Liaison officers “are the mechanisms that allow the fusion centers to reach the front lines,” said Meghann Peterlin, senior policy analyst for the security consulting firm ICF International. “They are the mechanisms that enable that information flow.”
Lee Wight, director of the Washington Regional Threat Analysis Center, also voiced support for the second prong of Coffey’s analysis: the need for skilled analysts. Wight said he tries to insure that every analyst he recruits has a background in cybersecurity, regardless of their eventual area of focus, even if that often proves to be a challenge.
“We’ve got to have exceptional people,” Wight said. “With disciplines like cybersecurity, it’s very competitive for a publicly funded agency to be able to compete with quality talent in that realm, so we certainly have to maintain those sources of funding.”
Coffey’s final condition for success involves how fusion center staff work with each other and law enforcement agencies in their regions. Often, he said informal ties and friendships end up encouraging communication more than any formal mandates for information sharing.
“Those informal ties are really important in the network,” Coffey said. “When you talk to folks around the country, they know that intuitively or they’ve experienced that in one way or another.”
Coffey’s paper comes in response to some harsh criticism for fusion centers over the years. In a 2012 report issued by the Senate’s Permanent Subcommittee on Investigations, staff criticized the centers for producing intelligence that was “oftentimes shoddy, rarely timely, sometimes endangering citizens’ civil liberties” and “more often than not unrelated to terrorism.”
Coffey noted that his research suggests that “some fusion centers are excelling in certain areas, while others might be struggling,” but the perception of the centers is generally positive.

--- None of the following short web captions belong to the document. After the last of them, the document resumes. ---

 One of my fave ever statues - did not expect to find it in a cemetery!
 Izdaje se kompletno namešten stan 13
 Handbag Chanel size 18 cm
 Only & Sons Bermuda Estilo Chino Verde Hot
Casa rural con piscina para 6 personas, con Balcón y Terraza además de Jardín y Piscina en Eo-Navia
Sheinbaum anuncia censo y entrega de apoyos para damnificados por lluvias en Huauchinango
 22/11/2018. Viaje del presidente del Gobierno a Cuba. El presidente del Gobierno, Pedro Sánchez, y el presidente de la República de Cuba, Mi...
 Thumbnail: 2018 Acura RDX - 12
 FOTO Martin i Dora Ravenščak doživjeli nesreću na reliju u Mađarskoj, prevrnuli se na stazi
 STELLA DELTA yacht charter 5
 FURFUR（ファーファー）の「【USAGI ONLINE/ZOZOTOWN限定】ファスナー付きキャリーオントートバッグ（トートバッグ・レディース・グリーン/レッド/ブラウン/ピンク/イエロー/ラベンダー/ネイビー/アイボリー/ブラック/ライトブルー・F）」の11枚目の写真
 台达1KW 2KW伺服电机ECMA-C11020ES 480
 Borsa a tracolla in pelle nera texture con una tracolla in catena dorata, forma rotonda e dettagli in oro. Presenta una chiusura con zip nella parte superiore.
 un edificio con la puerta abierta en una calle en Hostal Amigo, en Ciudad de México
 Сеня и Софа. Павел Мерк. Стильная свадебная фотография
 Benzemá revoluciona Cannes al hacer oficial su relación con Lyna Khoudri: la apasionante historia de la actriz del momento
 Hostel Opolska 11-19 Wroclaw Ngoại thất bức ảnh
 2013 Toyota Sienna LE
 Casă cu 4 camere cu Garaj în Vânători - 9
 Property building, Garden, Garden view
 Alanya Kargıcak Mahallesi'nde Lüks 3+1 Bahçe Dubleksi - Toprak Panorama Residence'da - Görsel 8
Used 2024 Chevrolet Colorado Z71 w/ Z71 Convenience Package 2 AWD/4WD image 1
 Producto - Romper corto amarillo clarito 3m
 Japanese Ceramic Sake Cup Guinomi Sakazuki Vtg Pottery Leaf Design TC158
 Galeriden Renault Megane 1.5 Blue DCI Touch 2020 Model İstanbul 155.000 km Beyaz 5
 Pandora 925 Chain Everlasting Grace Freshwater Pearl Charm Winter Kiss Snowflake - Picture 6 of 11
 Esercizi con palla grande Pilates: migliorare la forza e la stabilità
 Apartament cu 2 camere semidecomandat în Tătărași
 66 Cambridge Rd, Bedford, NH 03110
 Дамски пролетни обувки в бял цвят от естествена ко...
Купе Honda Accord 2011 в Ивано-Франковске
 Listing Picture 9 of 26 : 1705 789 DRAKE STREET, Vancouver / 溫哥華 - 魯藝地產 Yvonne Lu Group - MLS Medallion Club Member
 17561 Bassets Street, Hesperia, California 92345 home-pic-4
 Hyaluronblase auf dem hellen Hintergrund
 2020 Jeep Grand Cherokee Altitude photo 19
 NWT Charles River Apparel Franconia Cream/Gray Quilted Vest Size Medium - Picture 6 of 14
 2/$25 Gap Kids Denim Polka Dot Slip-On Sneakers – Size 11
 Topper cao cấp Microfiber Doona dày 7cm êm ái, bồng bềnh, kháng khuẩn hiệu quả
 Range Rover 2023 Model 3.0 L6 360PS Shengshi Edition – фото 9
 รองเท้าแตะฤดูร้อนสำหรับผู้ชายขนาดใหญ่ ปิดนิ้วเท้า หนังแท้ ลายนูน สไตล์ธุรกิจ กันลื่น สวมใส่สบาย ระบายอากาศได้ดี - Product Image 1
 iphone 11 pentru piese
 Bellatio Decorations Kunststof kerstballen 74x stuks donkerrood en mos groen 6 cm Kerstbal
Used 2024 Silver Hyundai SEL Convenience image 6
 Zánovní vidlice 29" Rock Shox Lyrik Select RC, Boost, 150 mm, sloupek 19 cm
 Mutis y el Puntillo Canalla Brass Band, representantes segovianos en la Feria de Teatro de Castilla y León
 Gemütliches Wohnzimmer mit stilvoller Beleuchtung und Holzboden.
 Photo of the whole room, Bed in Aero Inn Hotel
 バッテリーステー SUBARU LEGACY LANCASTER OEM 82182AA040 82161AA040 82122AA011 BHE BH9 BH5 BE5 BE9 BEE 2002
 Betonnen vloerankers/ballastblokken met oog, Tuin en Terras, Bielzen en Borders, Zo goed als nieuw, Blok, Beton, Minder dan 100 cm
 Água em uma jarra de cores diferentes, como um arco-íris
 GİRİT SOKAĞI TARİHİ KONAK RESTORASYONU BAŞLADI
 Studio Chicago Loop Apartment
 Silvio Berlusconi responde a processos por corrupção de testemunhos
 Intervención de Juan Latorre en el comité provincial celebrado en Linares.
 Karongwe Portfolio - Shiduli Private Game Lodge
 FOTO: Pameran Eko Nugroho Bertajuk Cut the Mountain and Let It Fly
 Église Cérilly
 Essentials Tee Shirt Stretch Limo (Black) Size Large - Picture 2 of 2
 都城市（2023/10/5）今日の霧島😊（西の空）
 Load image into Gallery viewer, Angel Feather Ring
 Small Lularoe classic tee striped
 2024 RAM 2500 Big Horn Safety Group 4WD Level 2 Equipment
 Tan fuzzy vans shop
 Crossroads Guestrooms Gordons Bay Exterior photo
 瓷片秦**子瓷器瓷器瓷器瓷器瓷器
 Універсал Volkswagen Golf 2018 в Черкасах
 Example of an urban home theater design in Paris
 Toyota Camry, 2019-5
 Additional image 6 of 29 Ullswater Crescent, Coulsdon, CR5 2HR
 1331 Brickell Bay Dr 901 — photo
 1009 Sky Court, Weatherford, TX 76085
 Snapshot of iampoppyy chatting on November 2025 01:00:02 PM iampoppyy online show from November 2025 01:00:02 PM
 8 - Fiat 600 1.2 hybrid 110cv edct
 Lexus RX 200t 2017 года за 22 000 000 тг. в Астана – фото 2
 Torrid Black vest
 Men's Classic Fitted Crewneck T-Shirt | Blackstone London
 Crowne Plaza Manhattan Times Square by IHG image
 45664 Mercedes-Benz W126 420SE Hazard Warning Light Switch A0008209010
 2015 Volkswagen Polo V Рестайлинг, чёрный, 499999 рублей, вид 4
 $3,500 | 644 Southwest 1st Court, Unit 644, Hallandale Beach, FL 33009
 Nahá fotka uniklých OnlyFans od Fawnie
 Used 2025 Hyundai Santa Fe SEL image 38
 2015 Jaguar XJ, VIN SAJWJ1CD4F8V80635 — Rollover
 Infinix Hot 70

In a subjective field like intelligence, Wight believes the way law enforcement agencies and citizens perceive the groups is the true benchmark for measuring their effectiveness.
“The holy grail question of homeland security is ‘how many terrorists did you catch?’” Wight said. “But you just may never know.”
But Coffey does believe fusion centers still have plenty of room for improvement. Going forward, he especially wants to see centers become essential resources for identifying cybersecurity threats specific to each region.
“Centers know their jurisdictions better than their partners on the federal level,” Coffey said. “Cyberthreats are evolving and fusion centers are uniquely positioned to become translators for threats in jurisdictions going forward.”